Data section Start Marker
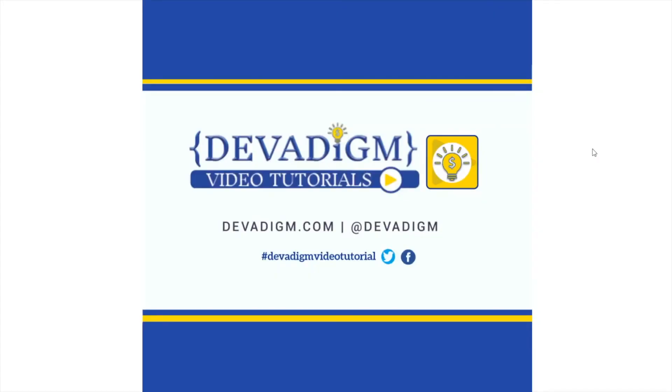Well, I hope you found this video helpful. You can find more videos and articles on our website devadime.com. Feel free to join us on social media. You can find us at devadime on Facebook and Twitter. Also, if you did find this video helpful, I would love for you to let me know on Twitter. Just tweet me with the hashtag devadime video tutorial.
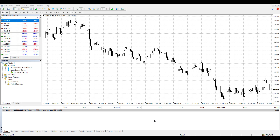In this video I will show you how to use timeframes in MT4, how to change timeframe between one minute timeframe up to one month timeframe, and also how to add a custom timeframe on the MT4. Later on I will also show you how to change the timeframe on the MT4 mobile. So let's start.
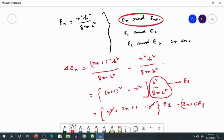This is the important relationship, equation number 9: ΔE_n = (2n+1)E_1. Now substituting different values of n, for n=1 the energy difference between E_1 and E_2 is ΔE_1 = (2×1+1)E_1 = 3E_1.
Data section End Marker
(Directions): Your reply should be the full data above, copied exactly, with no pictures in it.

(Solution to this task):
Well, I hope you found this video helpful. You can find more videos and articles on our website devadime.com. Feel free to join us on social media. You can find us at devadime on Facebook and Twitter. Also, if you did find this video helpful, I would love for you to let me know on Twitter. Just tweet me with the hashtag devadime video tutorial.
In this video I will show you how to use timeframes in MT4, how to change timeframe between one minute timeframe up to one month timeframe, and also how to add a custom timeframe on the MT4. Later on I will also show you how to change the timeframe on the MT4 mobile. So let's start.
This is the important relationship, equation number 9: ΔE_n = (2n+1)E_1. Now substituting different values of n, for n=1 the energy difference between E_1 and E_2 is ΔE_1 = (2×1+1)E_1 = 3E_1.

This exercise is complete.